Given these entries, repeat exactly the lines starting with the one that has "An aerial image" and going on through the one that has "a variety of", both included, but none of the pictures.

LISTED ENTRIES:
*** Begin section ***
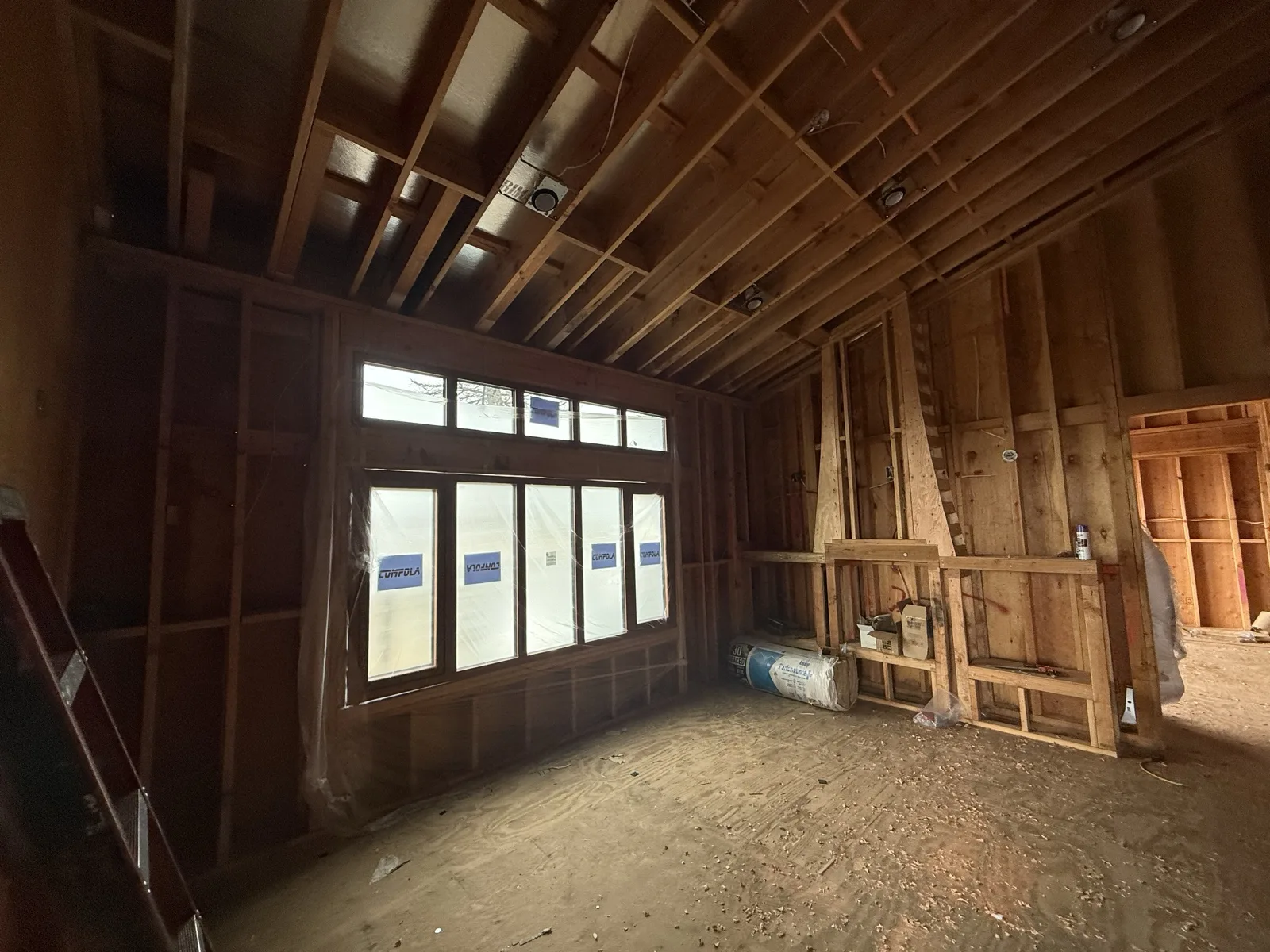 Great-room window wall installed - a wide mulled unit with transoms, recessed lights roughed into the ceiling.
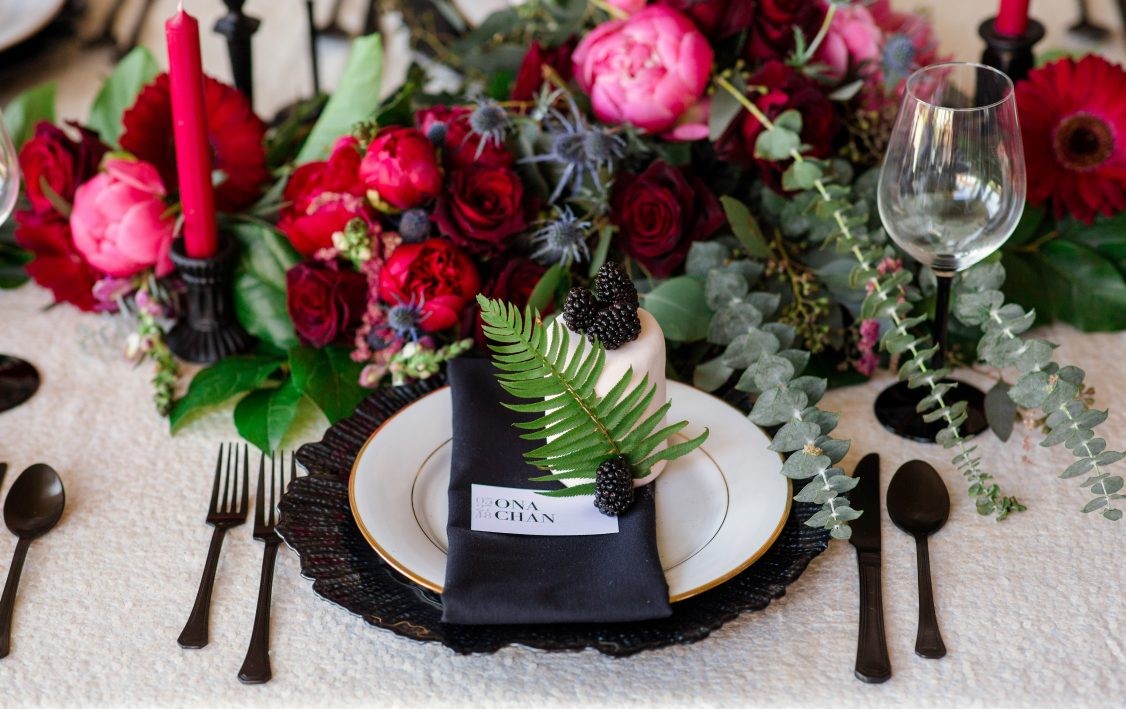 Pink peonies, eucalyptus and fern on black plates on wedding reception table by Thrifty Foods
*** End section ***
*** Begin section ***
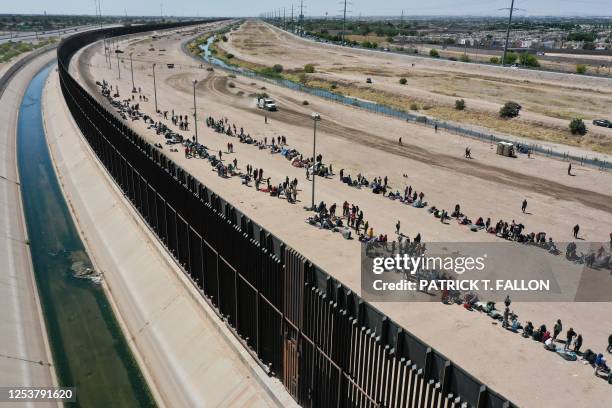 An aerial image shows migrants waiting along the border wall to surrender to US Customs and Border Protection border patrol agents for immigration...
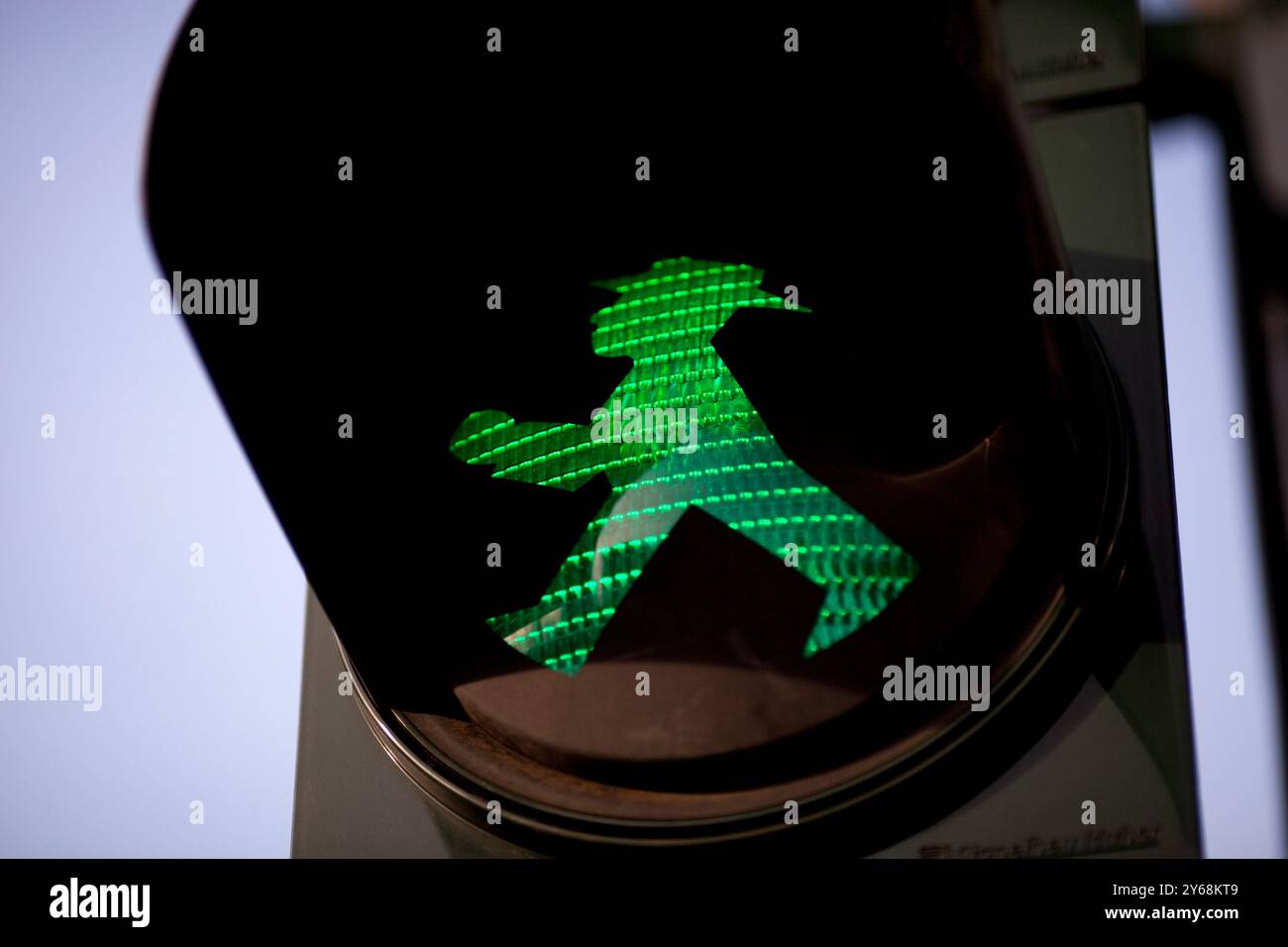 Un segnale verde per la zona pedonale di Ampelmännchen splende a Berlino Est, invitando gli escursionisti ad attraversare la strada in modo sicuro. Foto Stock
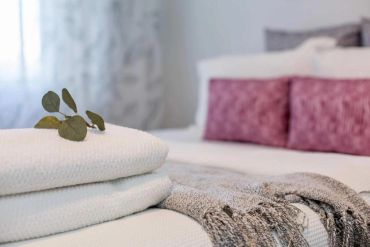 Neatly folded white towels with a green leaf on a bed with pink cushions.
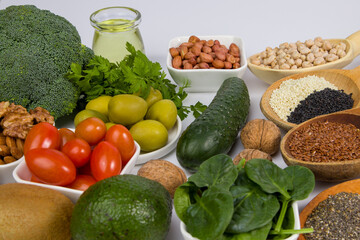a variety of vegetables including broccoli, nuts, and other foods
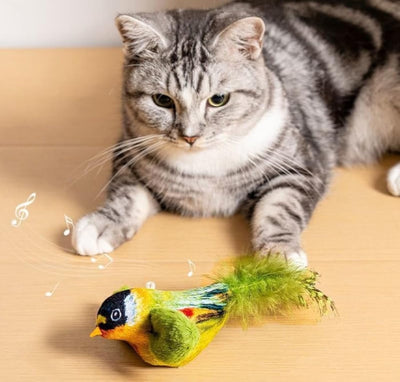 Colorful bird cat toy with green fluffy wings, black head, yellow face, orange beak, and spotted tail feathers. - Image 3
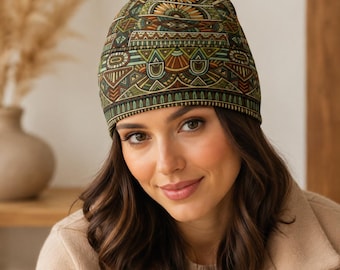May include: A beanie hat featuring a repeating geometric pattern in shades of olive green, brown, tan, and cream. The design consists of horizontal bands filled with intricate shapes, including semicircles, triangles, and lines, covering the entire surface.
*** End section ***
PROBLEM SOLUTION:
 An aerial image shows migrants waiting along the border wall to surrender to US Customs and Border Protection border patrol agents for immigration...
 Un segnale verde per la zona pedonale di Ampelmännchen splende a Berlino Est, invitando gli escursionisti ad attraversare la strada in modo sicuro. Foto Stock
 Neatly folded white towels with a green leaf on a bed with pink cushions.
a variety of vegetables including broccoli, nuts, and other foods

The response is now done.